What needs to be done:
Write out, word for word and with no pictures, each line below from the one containing "Me vs Grandma" through the one containing "Olive Green Hydro", both included, and no other line.

Exercise data:

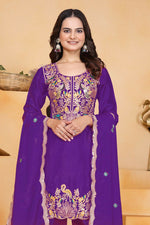 Thumbnail for Joban Fashion Purple Silk Embroidered Dhoti Dhoti Set - Distacart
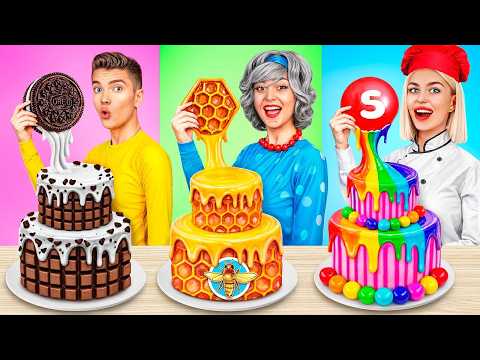 Me vs Grandma Cooking Challenge! Cake Decorating Parenting Hacks by YUMMY JELLY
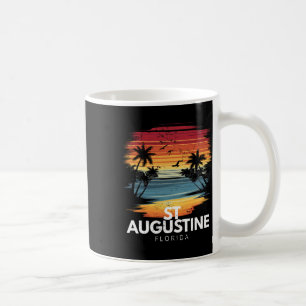 St Augustine Beach Florida Surfboard Surfing Vinta Coffee Mug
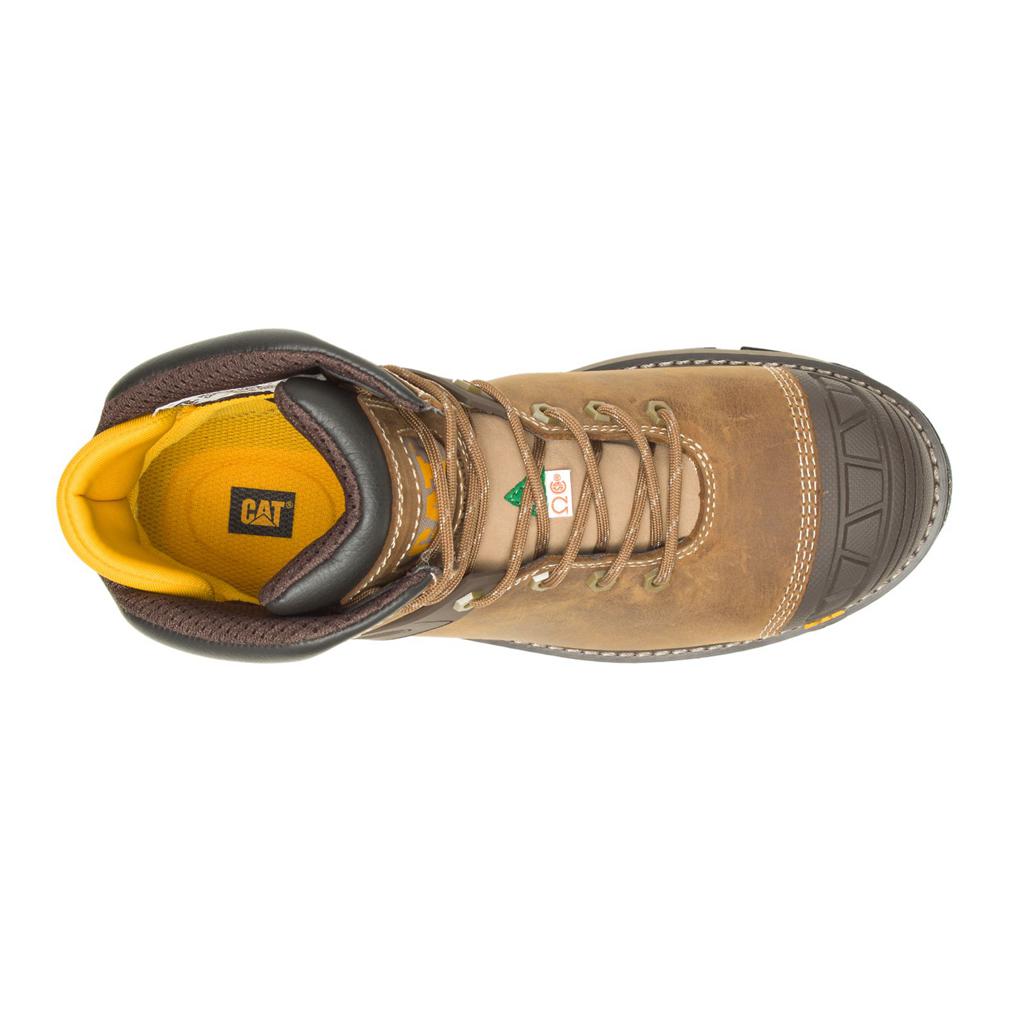 Caterpillar Excavator Superlite Waterproof Nano Toe Csa Munkabakancs Férfi Barna | 6147-SFJKE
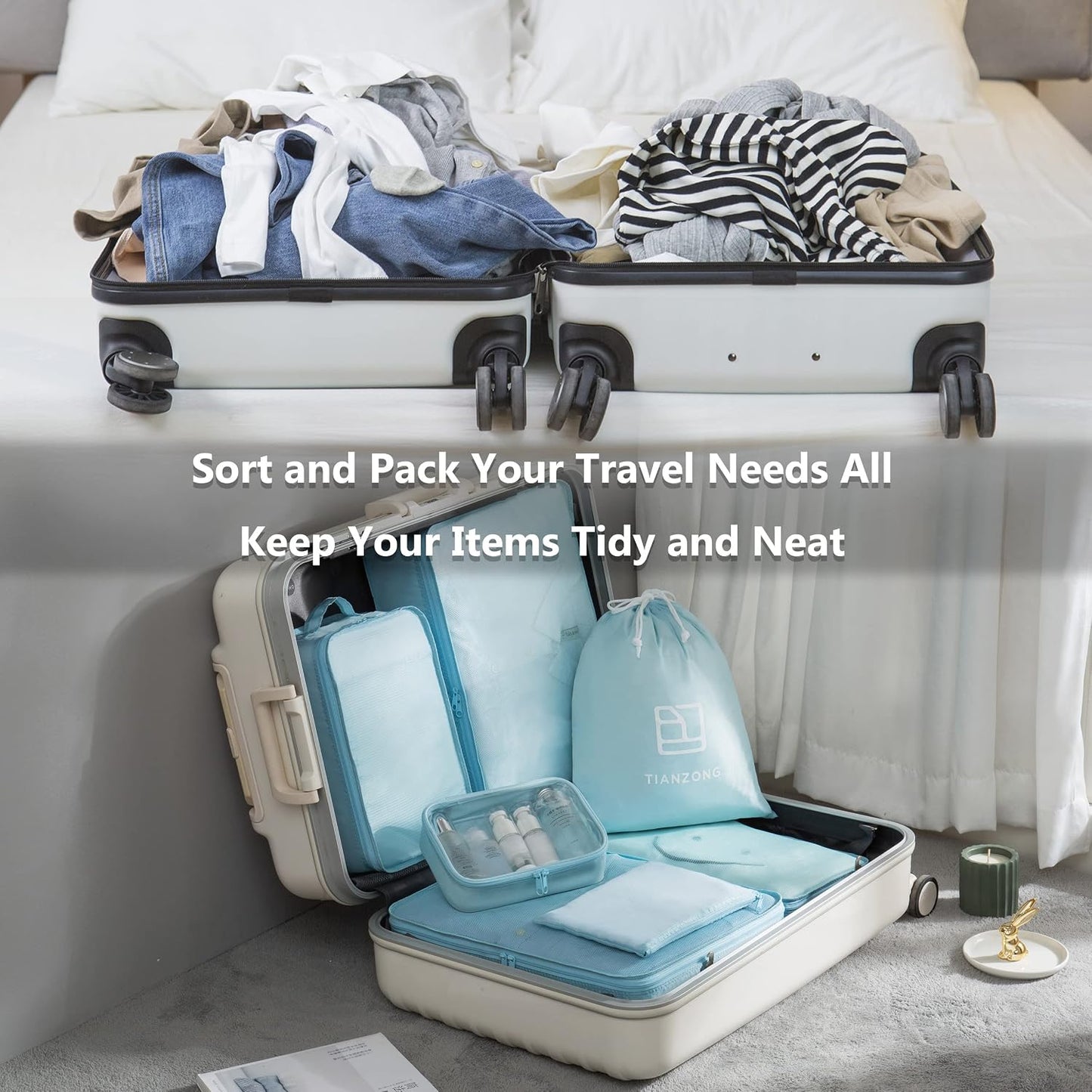 7-Piece Packing Cubes Set - Travel Organizers with Shoe & Toiletry Bag | Sky Blue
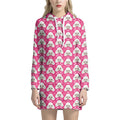 Cute Poodle Pattern Print Pullover Hoodie Dress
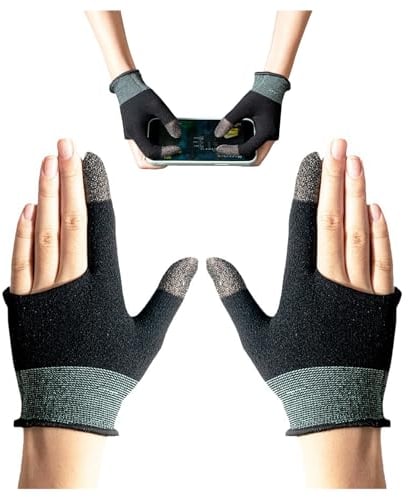 Ryaupy Gants de Jeu Mobile PUBG - Gants en Fibres Supraconductrices - Gants Universels pour Écran Tactile - Adaptés aux Jeux Mobiles Android iOS
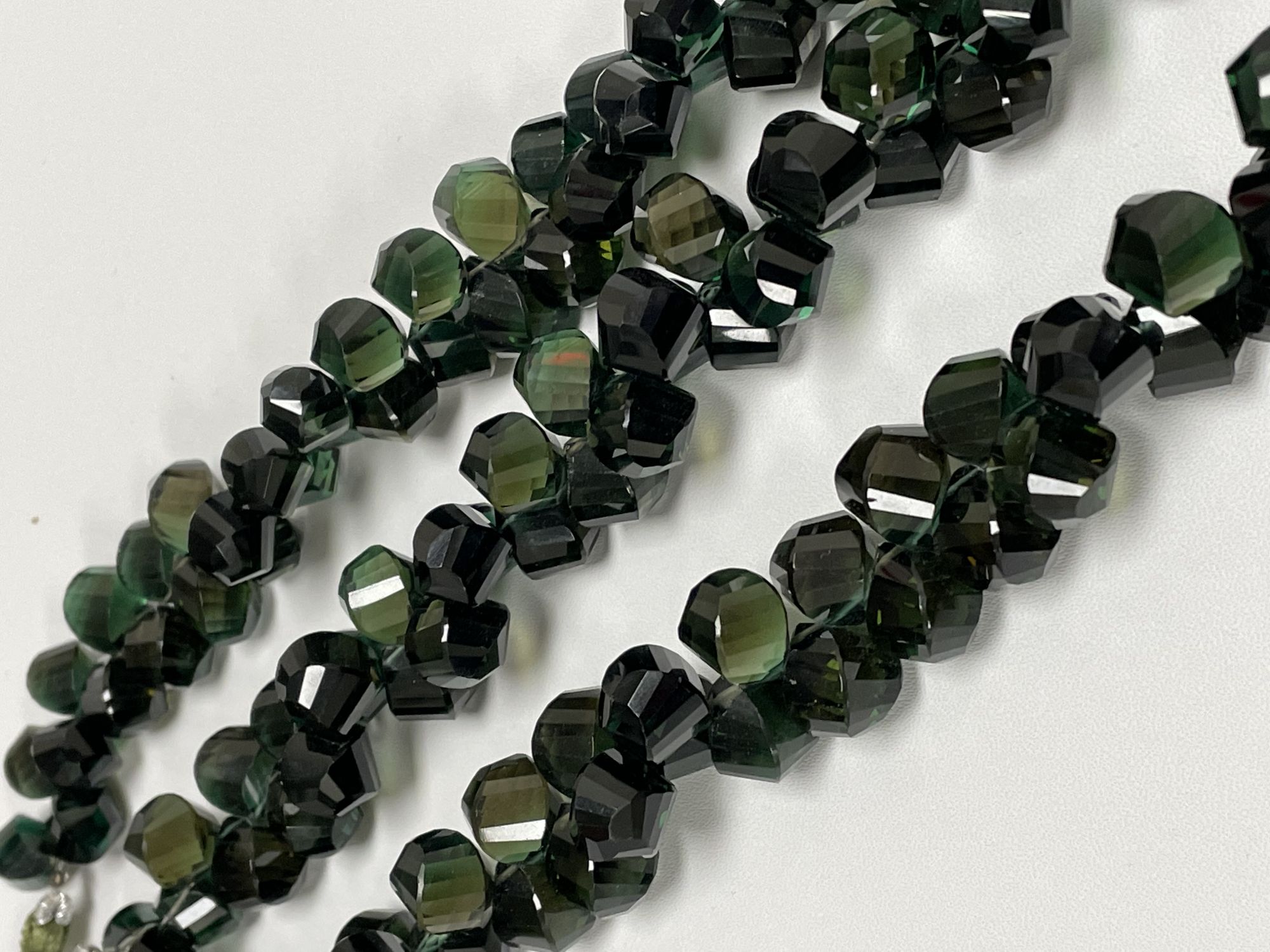 Olive Green Hydro Quartz Twisted Drop Faceted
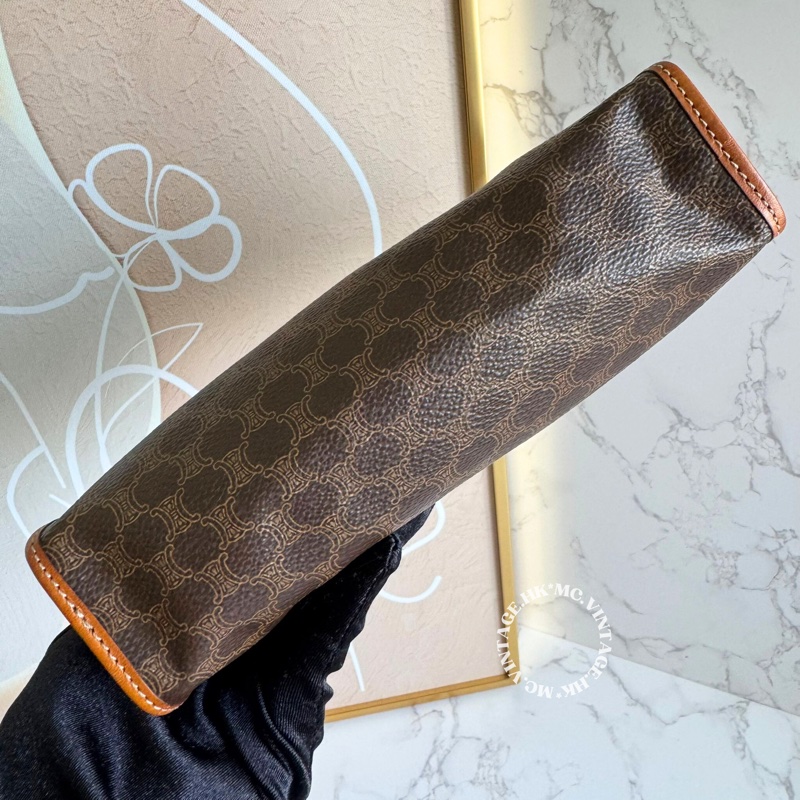 CELINE Vintage Macadam Clutch 中古 凱旋門 老花 手拿包-14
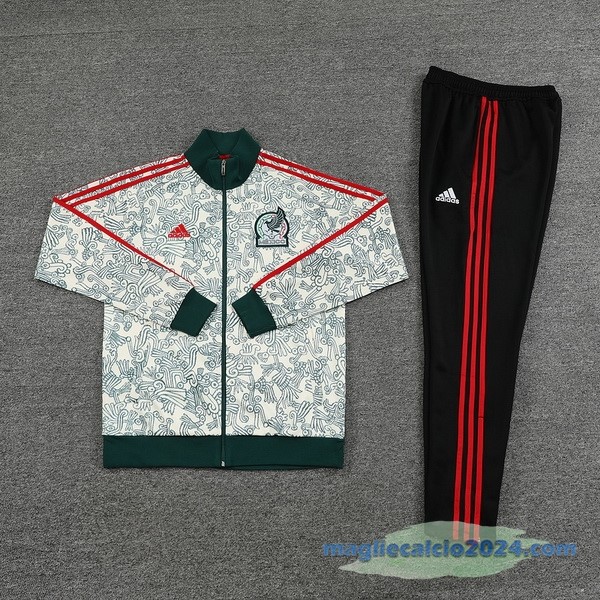 Set Completo Ropa Deportiva Con Cremallera Larga Messico 2022 Nero Verde Poco Prezzo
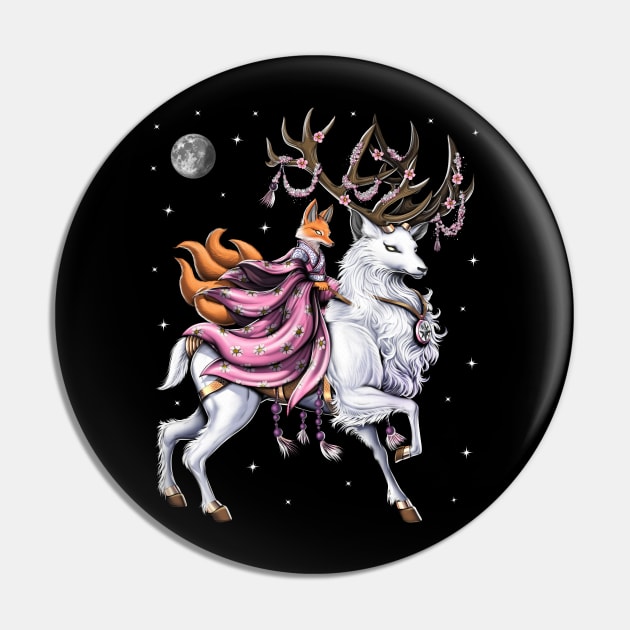 Japanese Kitsune Fox Riding Cherry Blossom Deer Pin by underheaven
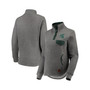 Women's Heathered Gray and Green Michigan State Spartans Magnum Quilted Quarter-Snap Pullover Jacket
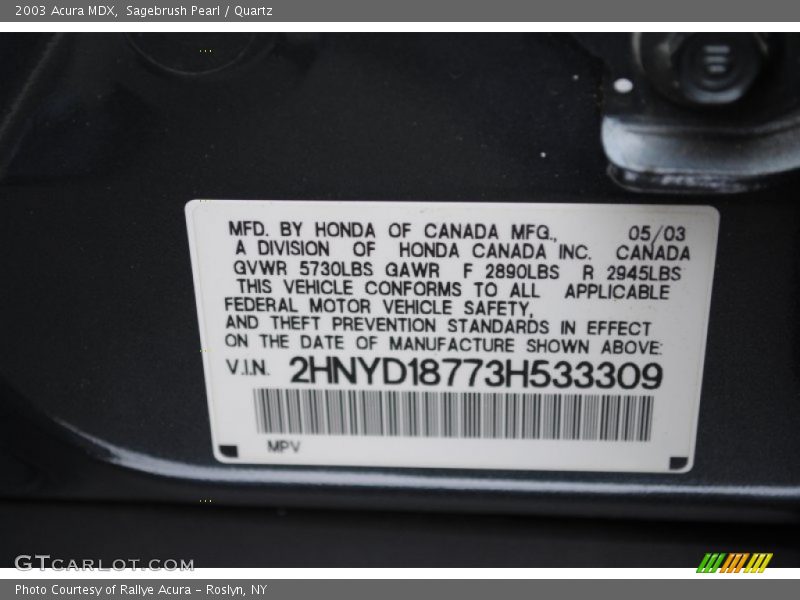 Sagebrush Pearl / Quartz 2003 Acura MDX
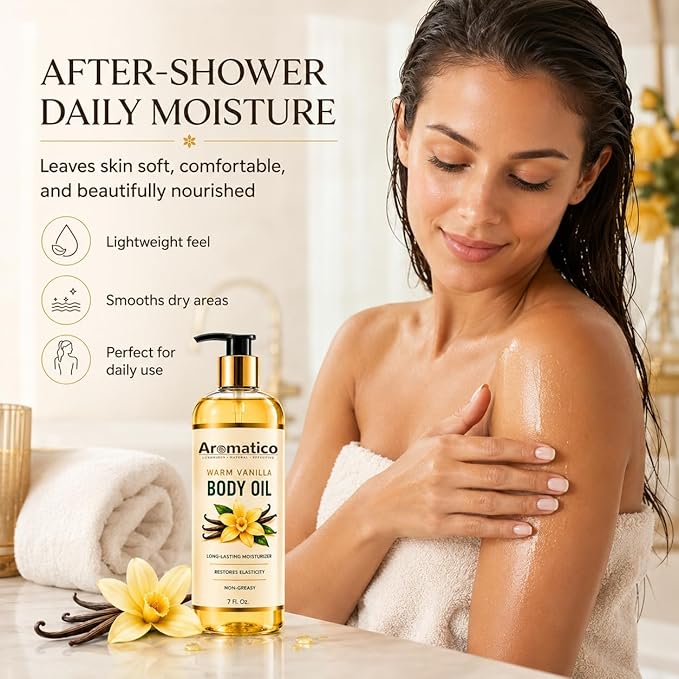 Aromatico Warm Vanilla Body Oil for Women - 7 fl oz | Moisturizing Scented Body Oil for After Shower Daily Use | Cozy, Creamy Vanilla Scent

Response area:
 Me vs Grandma Cooking Challenge! Cake Decorating Parenting Hacks by YUMMY JELLY
 St Augustine Beach Florida Surfboard Surfing Vinta Coffee Mug
 Caterpillar Excavator Superlite Waterproof Nano Toe Csa Munkabakancs Férfi Barna | 6147-SFJKE
 7-Piece Packing Cubes Set - Travel Organizers with Shoe & Toiletry Bag | Sky Blue
 Cute Poodle Pattern Print Pullover Hoodie Dress
 Ryaupy Gants de Jeu Mobile PUBG - Gants en Fibres Supraconductrices - Gants Universels pour Écran Tactile - Adaptés aux Jeux Mobiles Android iOS
 Olive Green Hydro Quartz Twisted Drop Faceted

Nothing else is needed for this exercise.